ES: Sure, so, um, that started in my late 30s, or kind of my mid-30s to late 30s. So I had recently— I always knew that I wanted to be a mother, but I wasn’t someone who was interested in jumping into marriage and building a family quickly. And I did end up finding a partner kind of late in life, so— and who I lived with for a while and then got married to at the age of 35. And my partner is a man, so he’s my husband. And we both really wanted children. And started, um, trying, and just after a while, it became clear that it was not going to happen easily, so we had all sorts of tests done. Diagnostic, um, I went through a series of diagnostic tests, and, um, it was really difficult, I realized. More difficult than I thought it would be, to be poked and prodded and, you know, just kind of— just by the very situation, made to feel like there was something wrong with me and that somehow, I had done something to make it happen or I was doing something wrong, and I, um, I had a doctor who was very well known in this area, um, a male doctor, who was— who just a lot of women in my cohort went to, um, who were dealing with infertility.

And I wasn’t really that comfortable dealing with a male doctor, but it was— at that time it was— not that many people did that work and a lot of what my interface with his practice was with the nurse practitioner who was a woman, um— But ultimately, I did end up having some procedures.

And one was a— and I don’t even remember the name of it, to be honest, but it was just something where I was— a scope was, went up to my tubes and to kind of check around and see what was going on. And it was a very traumatic experience for me. Really traumatic. And I was actually in graduate school at the time, and I was told it would be nothing: you know, I was told it would— you know, wouldn’t be a big deal, and so I didn’t really clear my schedule afterwards. That was like— I was supposed to proctor an exam, and so I went and I had this done, and it was so painful and so cold and I felt, I really had this feeling that even though I obviously knew this was not the case, but I just had a feeling of being raped, I just had this feeling of, um, just, you know, this thing poking inside of me that I didn’t want there, and it hurt incredibly. So, I— and my husband was there, holding my hand and he was, he was great, he was doing fine, um, but ultimately I just made the doctor stop. And I just jumped off the table and I went into the ladies’ room that was nearby and I just sort of— I just was kind of shaking and I just felt really profoundly violated.
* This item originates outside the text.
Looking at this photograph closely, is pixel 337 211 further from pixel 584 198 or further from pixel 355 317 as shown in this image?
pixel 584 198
And then I came out. And you know, my husband gave me a hug and made sure I was okay, and I, um, I don’t remember what my interaction was with the doctor at that point. And then, then, at some point, as I was leaving, or there was some kind of an exit procedure or something and I was talking to someone— a woman, who I think was a nurse in the practice, and I told her, and she said, “How are you doing?”, and I said, “Well actually not that great— it really, really hurt,” and she said to me, “You know, he’s known to be kind of rough with his procedures.” And I just felt like, “Why is he doing this job, then?” You know, and why did I not know about this? There’s just something that just felt so profoundly wrong about this, and about— and just the idea that there would be this doctor that all these women were flocking to, that he would be so insensitive, that he was known to be rough with his procedures. There’s something just really not right about it.